OTTAWA – Prime Minister Stephen Harper’s parliamentary House leader has denied that Conservative Sen. Mike Duffy ever promised to repay his P.E.I. housing allowance.
At least, that’s the way it sounded in the House of Commons today, although Peter Van Loan’s spokesman later insisted the minister was actually disputing something else altogether.
Van Loan was responding to reports that Duffy has reneged on his public pledge to repay tens of thousands of dollars he collected by claiming that a cottage on Prince Edward Island was his principal residence.
Duffy, a former broadcaster, issued a statement in February, in the midst of a Senate expense scandal, that said he would repay the funds.

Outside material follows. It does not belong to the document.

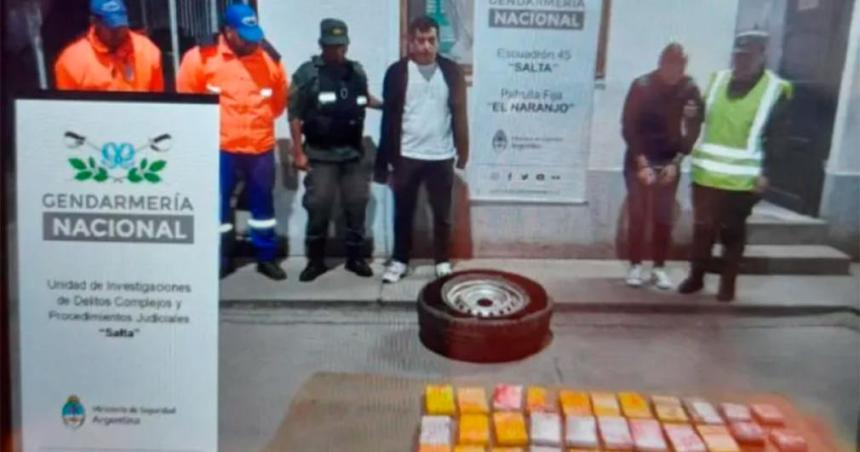 Un exgendarme fue arrestado junto a su esposa con 31 kilos de cocaiacutena que habiacutean ingresado desde Bolivia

However, Duffy told Global TV this week that he hasn’t yet repaid the money and may not, depending on what a Senate audit determines.
Under fire during question period, Van Loan at first seemed to deny that Duffy had committed to repaying the money, but officials later said he was talking about the senator’s latest remarks about the audit.
Duffy is a long-time Ottawa resident with a full-time home in the capital, making him ineligible for the secondary residence subsidy.
“Rather than let this issue drag on, my wife and I have decided that the allowance associated with my house in Ottawa will be repaid,” Duffy said in the February statement.
On Thursday, however, he told Global the money would be repaid “if repayment is required.”
“If I was wrong and made a mistake, I’ll repay it,” Duffy said. “And if I wasn’t wrong, I assume that will be reported as well.”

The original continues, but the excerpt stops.